→ RAW DATA
::::

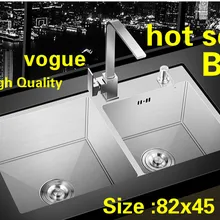 Квартира 304 нержавеющая сталь кухня ручная раковина двойной паз vogue сделать блюда Горячая большой 820x450 мм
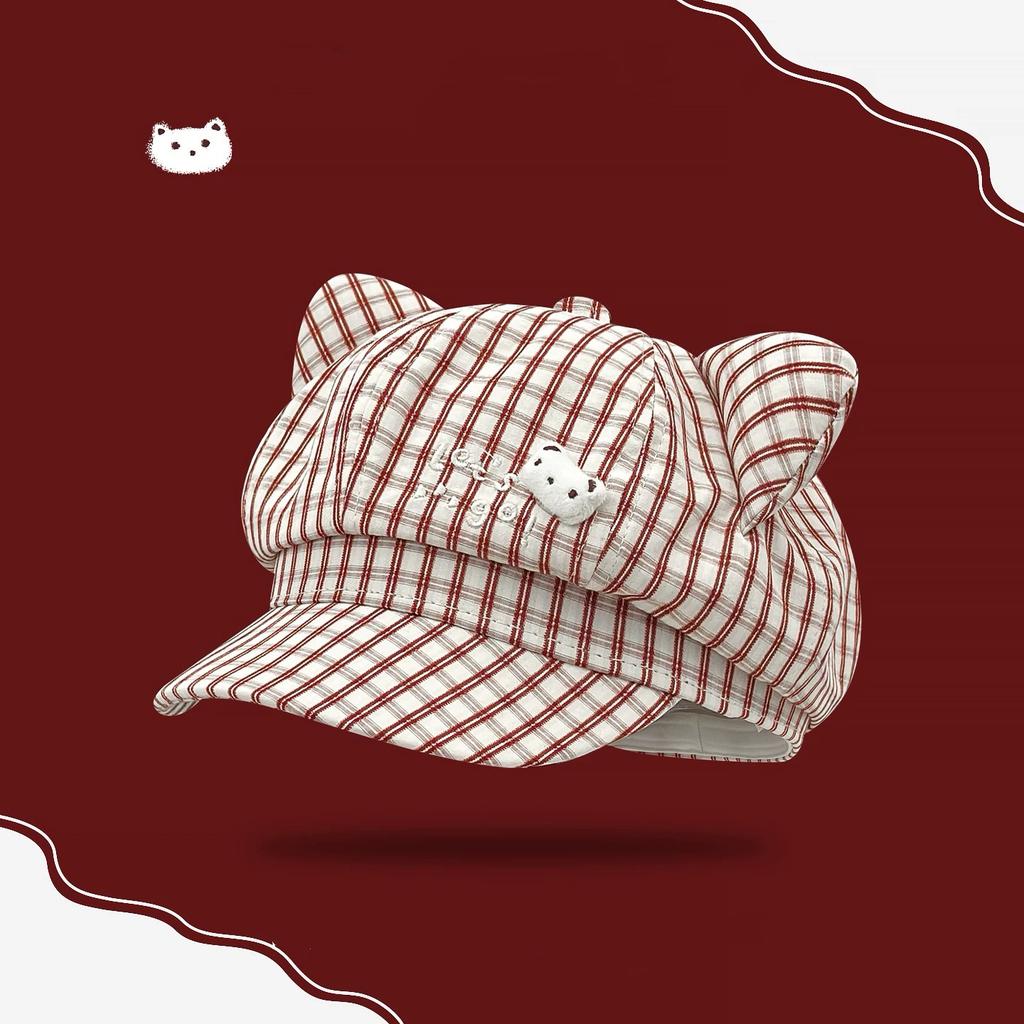 Cute Plaid Cat Ears Beret Female Spring And Summer Sweet Face Small Octagonal Hat Big Head Circumference Newsboy Painter Hat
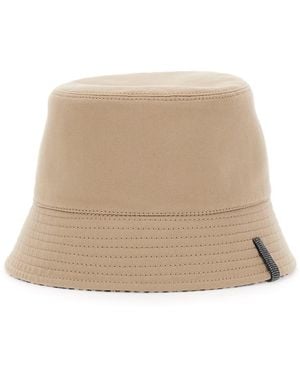Brunello Cucinelli Hat With Side Monile Detail - Natural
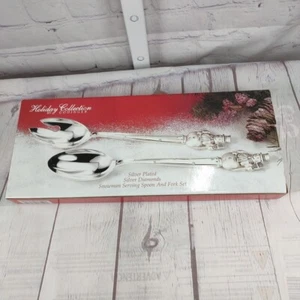 Holiday Collection By Godinger Snowman Serving Sppon and Fork Set Silver Plated - Bild 1 von 4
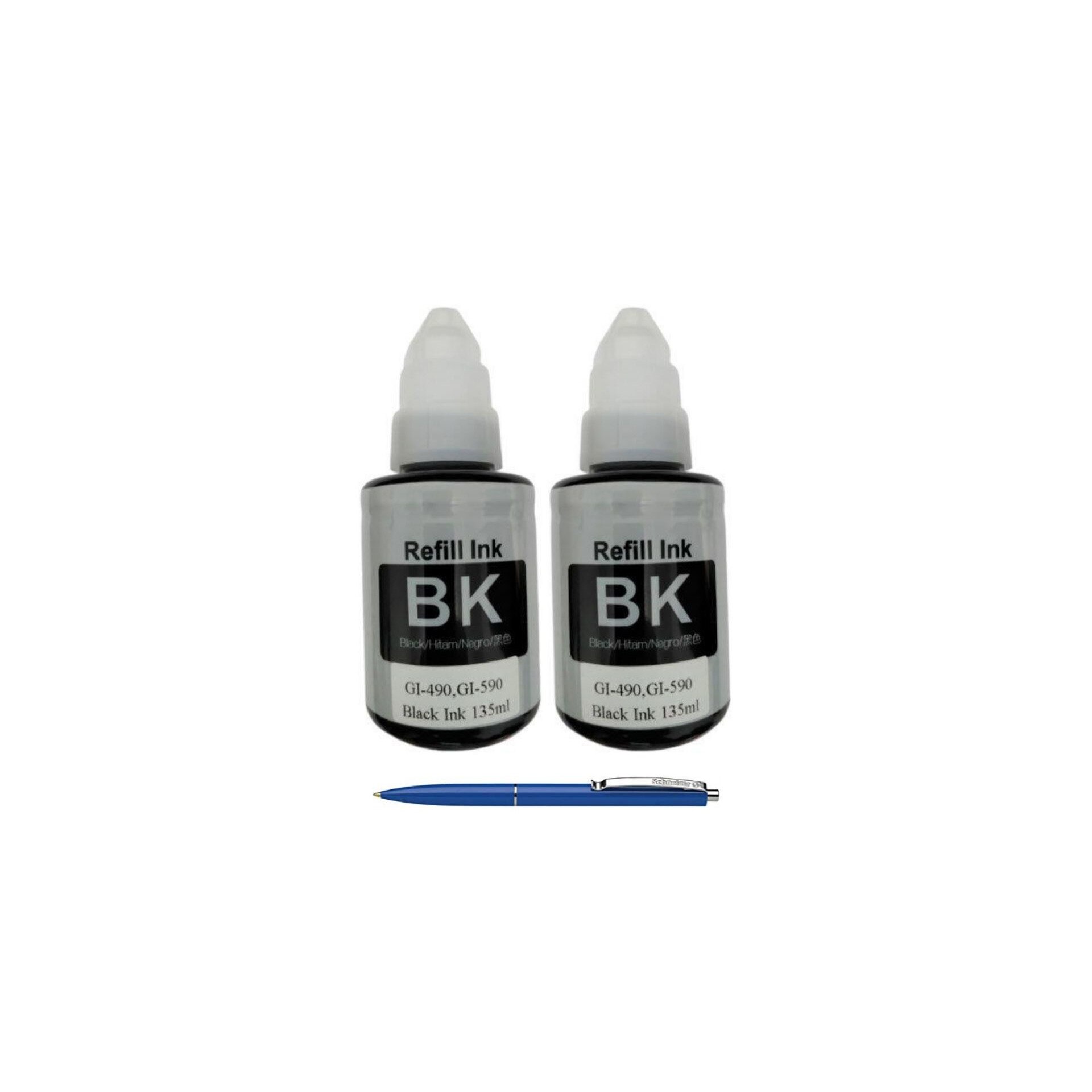 Pachet Flacoane Cerneala compatibila GI-490 2X Black 12000 pagini un-box AlphaChem si Pix Schneider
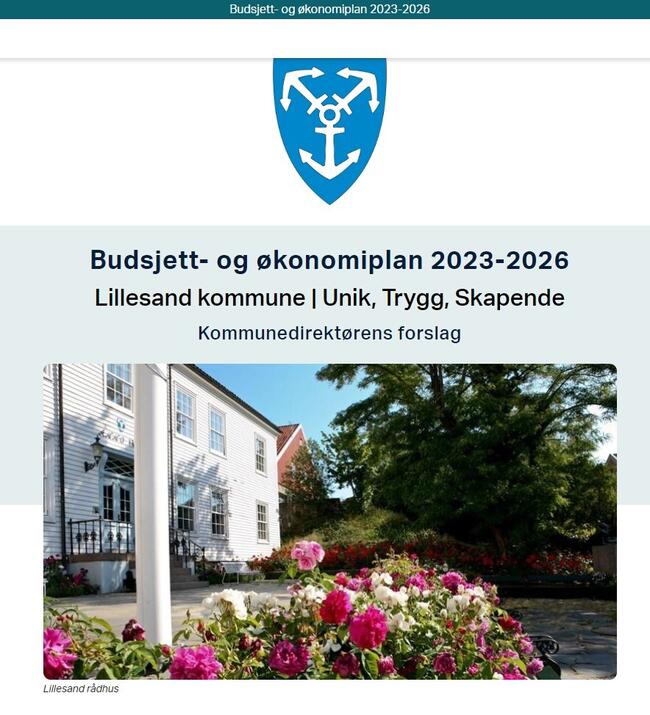Kommunedirektørens forslag til økonomiplan 2023-2026 forside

::::

→ WHAT THIS TASK INVOLVES
Everything in the entries except the pictures should be returned exactly as given.

→ RESPONSE TO THIS EXERCISE
 Квартира 304 нержавеющая сталь кухня ручная раковина двойной паз vogue сделать блюда Горячая большой 820x450 мм
 Cute Plaid Cat Ears Beret Female Spring And Summer Sweet Face Small Octagonal Hat Big Head Circumference Newsboy Painter Hat
Brunello Cucinelli Hat With Side Monile Detail - Natural
 Holiday Collection By Godinger Snowman Serving Sppon and Fork Set Silver Plated - Bild 1 von 4
 Pachet Flacoane Cerneala compatibila GI-490 2X Black 12000 pagini un-box AlphaChem si Pix Schneider
Kommunedirektørens forslag til økonomiplan 2023-2026 forside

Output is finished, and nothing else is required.